Wednesday, May 17, 2023

EU Lawmakers Seek Revenue Cap On Power Firms If Energy Prices Soar

The European Parliament is proposing a cap on the revenues of electricity generators in case energy prices surge again, according to a draft proposal of the Parliament's lead negotiator on the EU electricity market reform seen by Reuters.

Nicolas Gonzalez Casares—the European Parliament's lead negotiator on the reform proposed by the European Commission earlier this year – has drafted the Parliament's position on the Commission's proposals for market reforms. According to Gonzalez Casares and the Spanish Socialist Members of the European Parliament, the reform of the EU's electricity market should cap the extraordinary profits that power-generating companies reap when energy prices spike in a crisis.

"Social justice has to be above the profits of few," the Spanish Socialist MEPs say.

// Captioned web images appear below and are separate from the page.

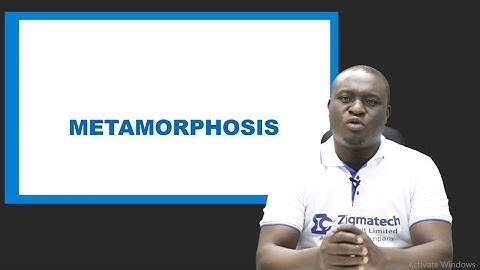 METAMORPHOSIS | BIOLOGY | EXAM GUIDE | LEARNING HUB | ZIGMATECH CONSULT LIMITED | EXAMGUIDE |SCIENCE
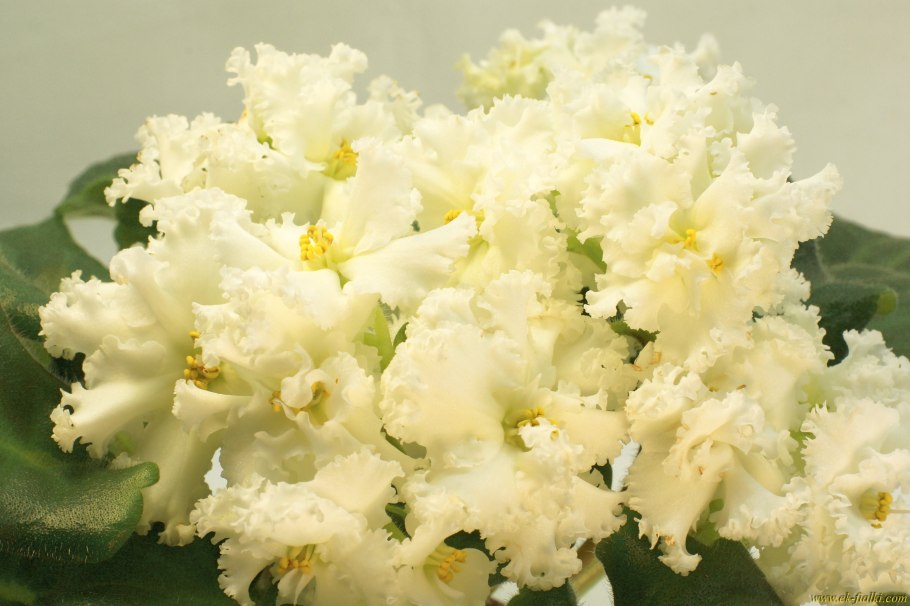 Фиалка White Madonna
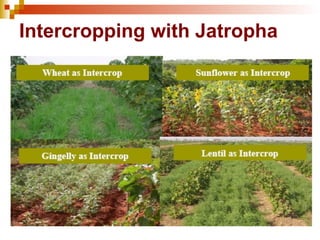 Intercropping with Jatropha 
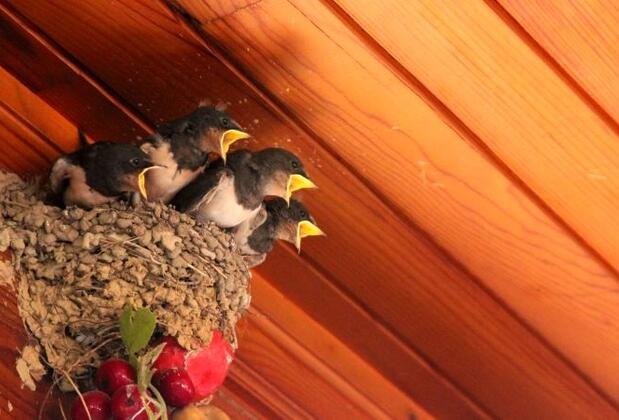 Mine Pansiyon - Görsel 20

Gonzalez Casares's draft report, seen by Reuters, proposes a cap that would recover 90% of any revenue over $196 (180 euros) per megawatt-hour (MWh). The cap would include producers of electricity from wind, solar, and nuclear power, as well as coal. 

The money raised from the revenue cap would go to government measures to support the most vulnerable consumers, including temporary cuts in electricity tariffs for households and businesses.

"It's very important to use these revenues in order to reduce bills for people," Gonzalez Casares told Reuters, commenting on his proposal.

The European Commission in March presented a proposal to revise the rules for electricity market design and for improving the EU protection against market manipulation in the wholesale energy market.

The Commission says that the market reform is aimed at making the EU energy market more resilient and making the energy bills of European consumers and companies more independent from the short-term market price of electricity.  

The proposal has now passed to the Council and the European Parliament for debate and negotiation, with the market reform expected to be voted on later this year.